**PROBLEM REQUIREMENTS:** Would you please copy the part of the material below that opens with the line containing "Fototapeta Colorful candies" and closes with the line containing "vidaXL Κεφαλάρι Τοίχου"? Copy it exactly, and only it.

**SUPPLIED RECORDS:**
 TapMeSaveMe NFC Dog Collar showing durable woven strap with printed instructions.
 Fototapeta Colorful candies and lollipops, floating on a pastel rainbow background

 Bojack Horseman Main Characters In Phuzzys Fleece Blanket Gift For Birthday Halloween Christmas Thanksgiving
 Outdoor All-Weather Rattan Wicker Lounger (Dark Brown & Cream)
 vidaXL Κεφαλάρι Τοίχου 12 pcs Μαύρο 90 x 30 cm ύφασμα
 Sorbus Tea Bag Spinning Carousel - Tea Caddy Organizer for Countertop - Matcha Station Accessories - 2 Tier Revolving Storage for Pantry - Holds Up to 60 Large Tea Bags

**EXPECTED OUTPUT:**
 Fototapeta Colorful candies and lollipops, floating on a pastel rainbow background

 Bojack Horseman Main Characters In Phuzzys Fleece Blanket Gift For Birthday Halloween Christmas Thanksgiving
 Outdoor All-Weather Rattan Wicker Lounger (Dark Brown & Cream)
 vidaXL Κεφαλάρι Τοίχου 12 pcs Μαύρο 90 x 30 cm ύφασμα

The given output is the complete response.